(写真:効果的に左のジャブとフックを使った井上<左>)

(写真:効果的に左のジャブとフックを使った井上<左>)

 ボクシングのダブル世界戦が21日、東京・有明コロシアムで行われた。WBO世界スーパーフライ級は、王者の井上尚弥(大橋)が同級2位のリカルド・ロドリゲス(米国)と対戦。3ラウンド1分8秒でTKO勝ちし、5度目の防衛に成功した。IBF世界ライトフライ級は、王者の八重樫東(大橋)が暫定王者のミラン・メリンド(フィリピン)との統一戦に臨んだ。八重樫はメリンドに1ラウンド2分45秒でTKO負けを喫し、3度目の防衛に失敗した。

 

「日本ボクシング史上最高傑作」と称される“モンスター”井上。その異名にふさわしい試合を見せた。

 

 1ラウンド目、最初に仕掛けたのは挑戦者のロドリゲスだった。井上をロープ際に追い込みコンビネーションを打ち込む。しかし、王者は冷静だった。慌てることなく、ガードとステップでパンチを防ぐ。相手の積極的な姿勢に井上も応戦。パンパンとコンビネーションを繰り出し、リズムを相手に渡さなかった。

 

 1ラウンド目で、相手の力量をはかった井上は、2ラウンド目にはオーソドックスな構えから、サウスポースタイルにスイッチする場面もあった。「(スイッチを)やってみようかな、と。気持ちに余裕があった」と井上。サウスポーからオーソドックスに戻した後は、左のジャブを多発。相手との距離を取りながら、手数が増えた。

 

(写真:会見では「階級を上げる可能性もある」と語った)

(写真:会見では「階級を上げる可能性もある」と語った)

 迎えた第3ラウンド。井上は左のパンチで活路を見出す。井上は高速の左ジャブを見舞った後、鋭い左フックで1度目のダウンを奪った。ロドリゲスは立ち上がるものの、井上のパンチをかわせるほど、回復はしていない。ここぞとばかりに井上が襲い掛かり、再び左フックをロドリゲスのアゴに打ち込んだ。
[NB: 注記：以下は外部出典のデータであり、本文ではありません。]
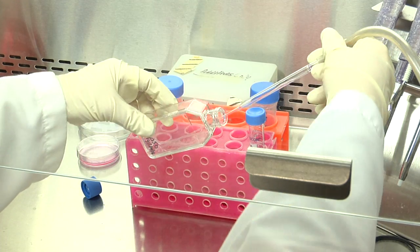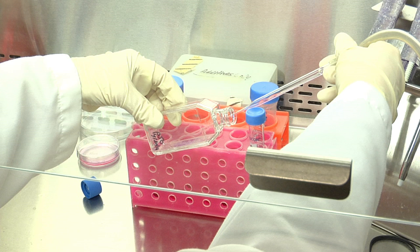This way, you should not damage the cells with the tip of the pipette. At the end of the process, the tip of the pipette should be all the way down the flask at one of its corners to make sure that all the medium has been aspirated.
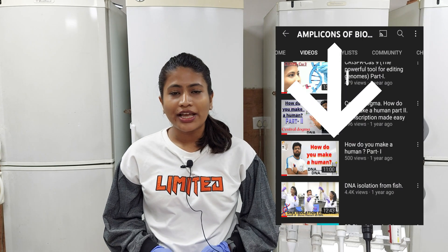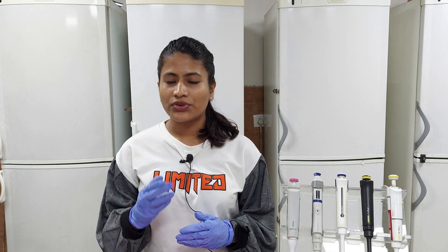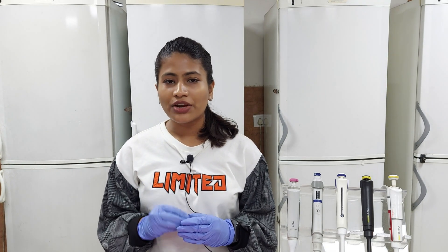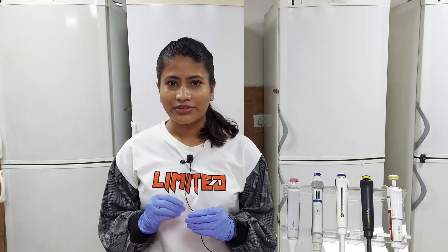We had uploaded a video on our channel on DNA isolation from fish. After that, we received a lot of requests and comments to make a video on plant genomic DNA isolation and chemical preparation. So finally, we are here with it. In chemical preparation, we made videos of CTAB preparation and sodium acetate solution, which are required for the DNA isolation protocol and are also uploaded on our channel.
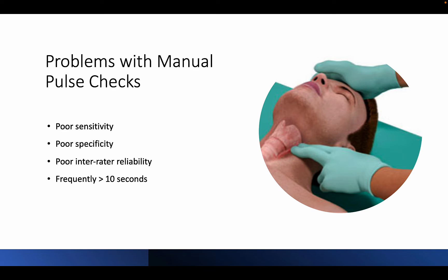Poor specificity — in other words, feeling a pulse does not mean a pulse is actually present. Usually this is caused by providers applying too much pressure with their fingers and actually feeling their own pulse. Poor inter-rater reliability. And pulse checks frequently extend beyond the recommended 10 seconds, likely due to difficulty determining a pulse in unresponsive patients. Unreliable manual pulse checks mean that CPR may be initiated inappropriately, withheld when it is indicated, and extended pulse checks lead to a deleterious drop in coronary perfusion pressure.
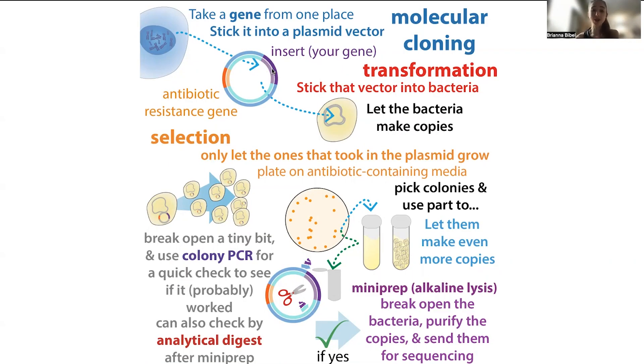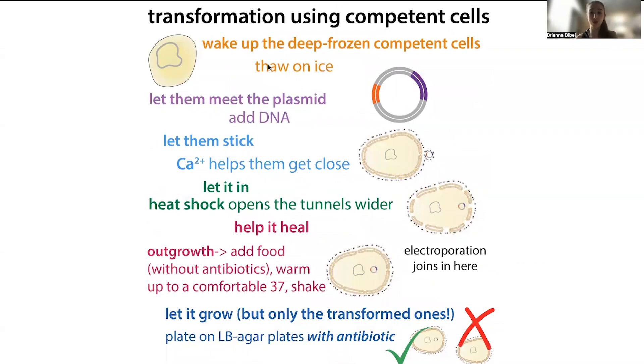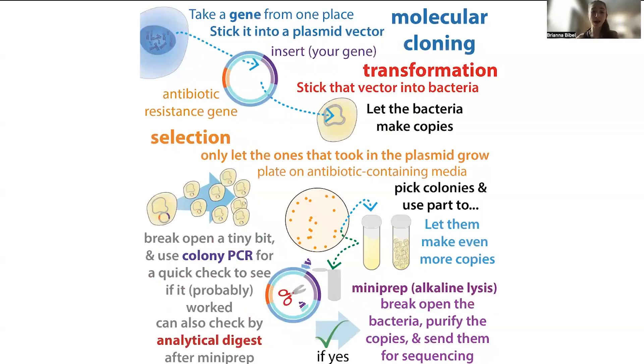To get an idea about how much of the parent to expect, you can do a control where you DPN1 digest the parent but don't do any of the mutagenesis or PCR steps. You just take that plasmid, digest the same amount that's in your reaction, DPN1 digest it, and then transform it into cells. Then you see how many colonies you get. This should be your background telling you how well the DPN1 digest worked.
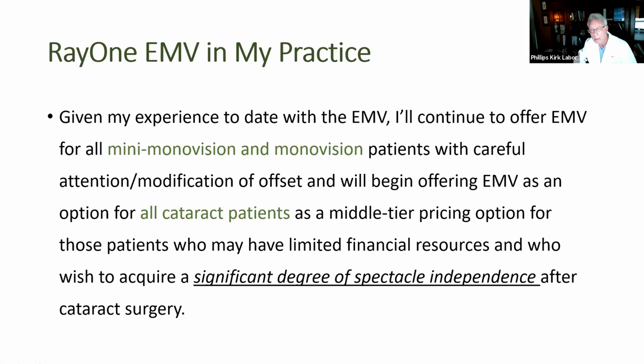In summary, as the EMV relates in my practice given my experience to date, we're going to continue to offer it to monovision and mini-monovision candidates as well as all monofocal cataract candidates. It's a middle-tier pricing option, and I've highlighted the significant degree of spectacle independence from the outcomes we've seen so far. None of the patients have complained of any dysphotopsias — they're all very happy. I'm really pleased with this implant and the future it holds within our practice and being able to offer this to people who might not otherwise be able to afford presbyopia correction.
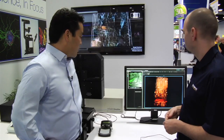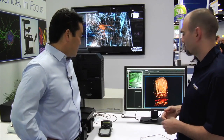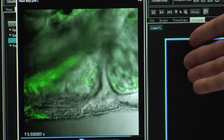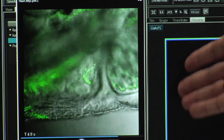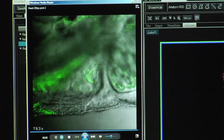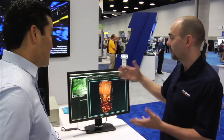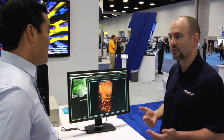Earlier you mentioned the speed of acquisition — how many frames per second you can get. Can you walk us through some data that illustrates that? Everybody knows what a beating heart looks like. Here we have a data set acquired at 512 by 512 pixels at 30 frames per second, capturing that with really good definition in both bright field and multi-photon with some genetically tagged GFP cells — very crisp, clear definition. Now if we want to go even faster than that, we can get up to as high as 438 frames per second.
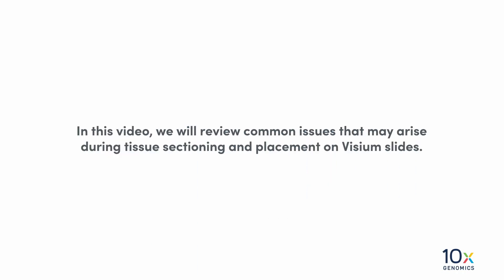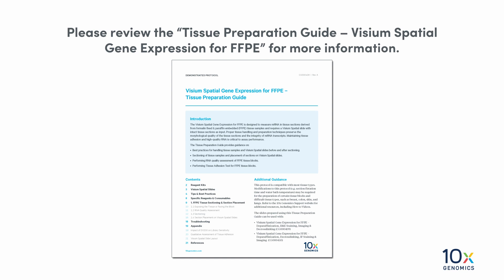In this video, we will review common issues that may arise during tissue sectioning and placement on Visium slides. Please review the Tissue Preparation Guide, Visium Spatial Gene Expression for FFPE, for more information.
パンチをもらったロドリゲスは力なく尻もちをつき、勝負あり。井上は5度目の防衛に成功した。

 

 井上は、試合をこう振り返る。

「ダウンを奪ったのは2回とも左のフック。感触はあった。ジャブもスムーズに出ていたので、距離感はつかめていた」

 

 大橋秀行会長は「ボディーブローもよかった。今日は満点」とほくほく顔。圧倒的な内容で勝利した井上だが、「日頃からチャレンジャーの気持ち。気を抜けません。(気を抜くと)こういう舞台で敗北してしまう。初心を忘れずにやっていく」と気を引き締めた。

 

 順調に調整が進めば、次戦は9月。米国進出も視野に入れる。24歳の王者に、気の緩みはない。